**The problem**.
When you reach the line in the data below that contains "HD Wallpaper Of League Legends Kindred", please start repeating lines exactly, and stop after the line that contains "Постер Modern Flowers Art MF1354", repeating nothing else.

**Data excerpts**.
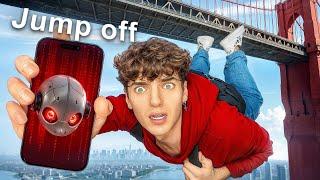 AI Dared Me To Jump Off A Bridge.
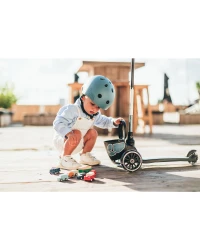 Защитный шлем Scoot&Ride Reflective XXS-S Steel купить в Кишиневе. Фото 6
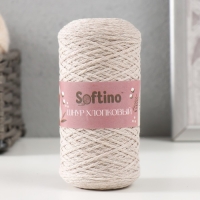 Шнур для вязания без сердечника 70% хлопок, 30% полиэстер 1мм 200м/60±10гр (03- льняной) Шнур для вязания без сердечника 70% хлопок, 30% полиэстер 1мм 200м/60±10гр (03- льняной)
---
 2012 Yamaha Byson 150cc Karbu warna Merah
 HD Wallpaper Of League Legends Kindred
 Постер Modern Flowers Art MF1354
==
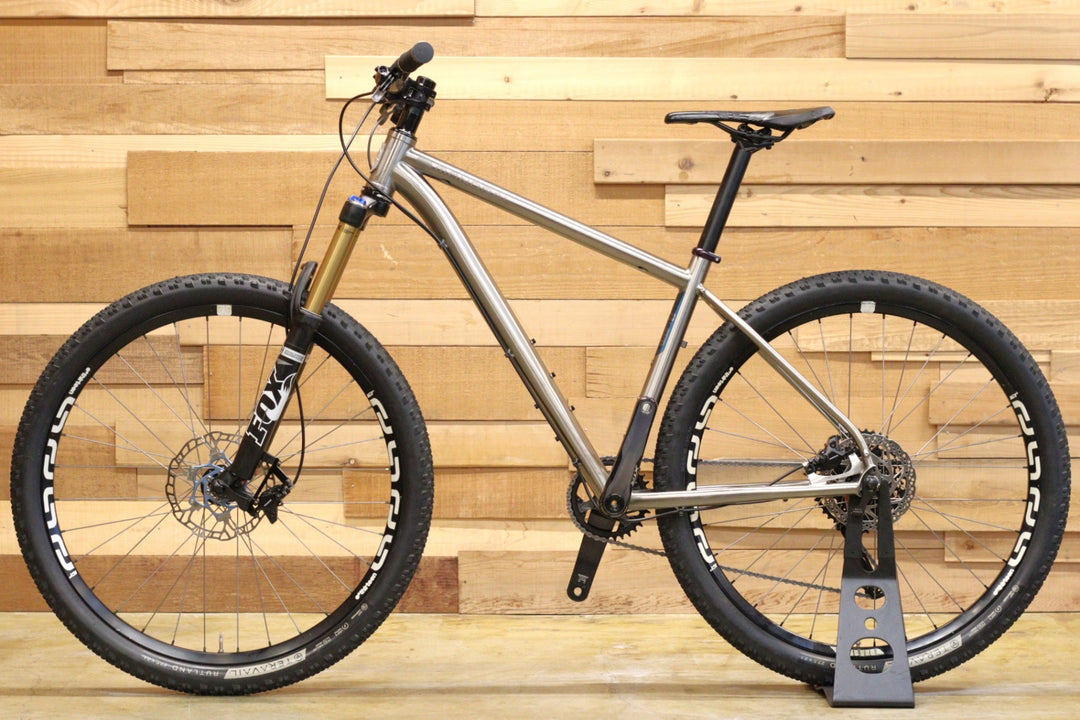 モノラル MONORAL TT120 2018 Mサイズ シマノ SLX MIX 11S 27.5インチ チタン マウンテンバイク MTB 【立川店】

**Written solution**.
 HD Wallpaper Of League Legends Kindred
 Постер Modern Flowers Art MF1354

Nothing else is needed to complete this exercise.